Lors du dernier scrutin, la participation des jeunes n'avait pas dépassé 30 à 35%, contre 50% pour la population générale. "Je ne suis pas allée voter, car aucun parti ne m'inspirait confiance", explique Khatia Janiachvili, 27 ans. D'ailleurs, je ne le regrette pas réellement, car je ne suis pas persuadée que mon vote aurait changé quelque chose." Le 26 octobre, elle se rendra aux urnes pour que la Géorgie reprenne sa marche vers l'Europe. Ce qui n'empêche pas la jeune femme de dénoncer la "polarisation de la vie politique", avec "deux partis face à face" depuis plusieurs années : Rêve géorgien et le Mouvement national uni de l'ancien président Mikheil Saakachvili. "Notre génération ne cherche pas de leader, elle réclame un projet."
"Sept jeunes sur dix ne se reconnaissent pas dans les partis politiques actuels", confirme Jubo Beridzichvili, auteur d'une étude sur la génération Z pour l'ONG ForSet. Beaucoup ne connaissent même pas les noms des différentes formations. Mais pour autant, cela ne veut pas dire qu'ils sont apolitiques, puisque 88% des jeunes interrogés soutiennent l'intégration à l'UE." A Tbilissi, des drapeaux de l'Union européenne sont accrochés à tous les coins de rue. Avec la libéralisation du système de visas, "la plupart des jeunes Géorgiens ont déjà visité des pays de l'UE. Quand des gens qui ont grandi dans l'Union soviétique leur expliquent ce qu'est l'UE, ils trouvent cela ridicule."

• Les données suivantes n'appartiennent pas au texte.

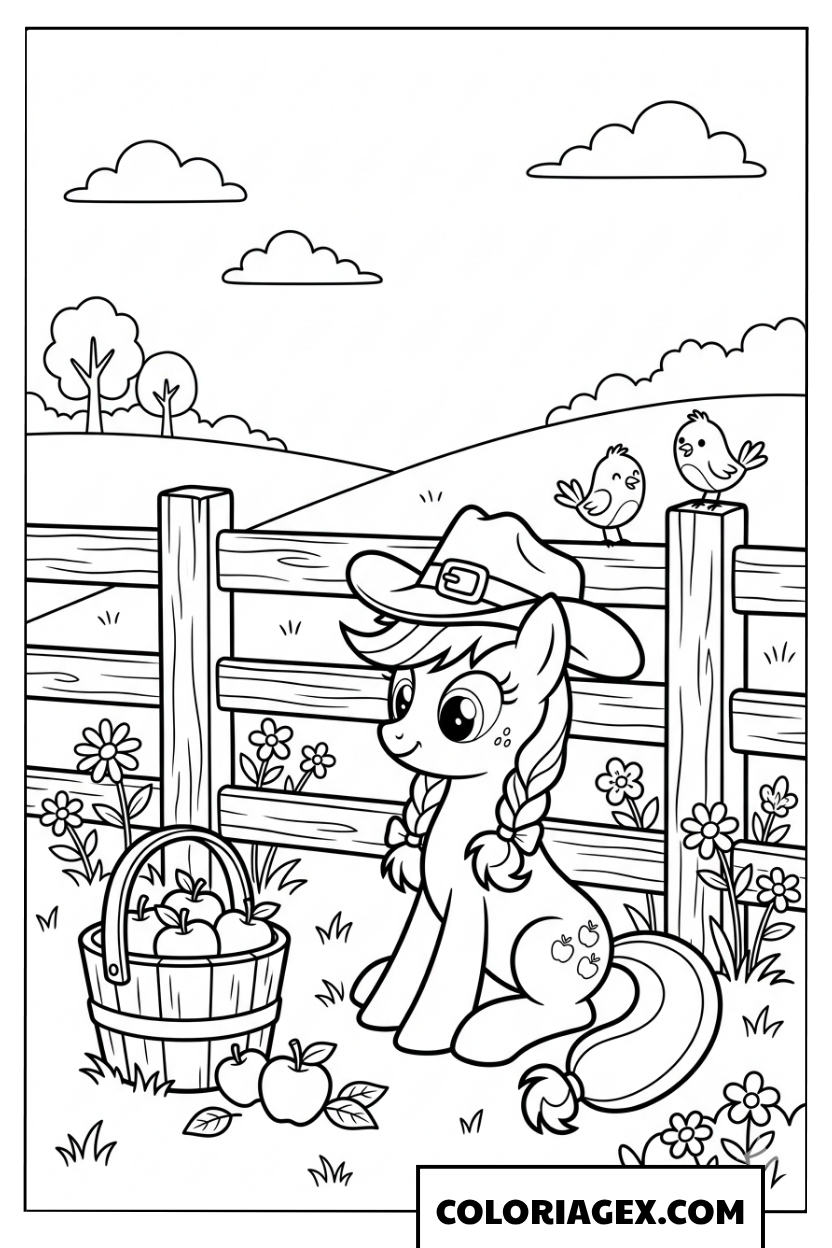 Coloriage Applejack au jardin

"L'alternative est vécue ainsi par la jeunesse : Europe et liberté d'un côté, Russie et esclavage de l'autre."
Jubo Beridzichvili, chef de projet à l'ONG ForSetà franceinfo
"Cette génération sait très bien que l'adhésion à l'UE est un long processus. Mais cette loi réduit à néant tous les efforts." Et si les conséquences de cette loi peuvent être "difficiles à saisir pour les non-initiés", tout le monde "comprend en revanche le danger", quand des institutions occidentales "avertissent la Géorgie qu'une telle loi pourrait compromettre la procédure d'adhésion". Au total, 400 000 électeurs seront appelés pour la première fois aux urnes, ce qui représente 14% du corps électoral. "Il revient désormais aux partis politiques de jouer leur rôle", ajoute Jubo Beridzichvili. Et ce en répondant aux aspirations de la société civile.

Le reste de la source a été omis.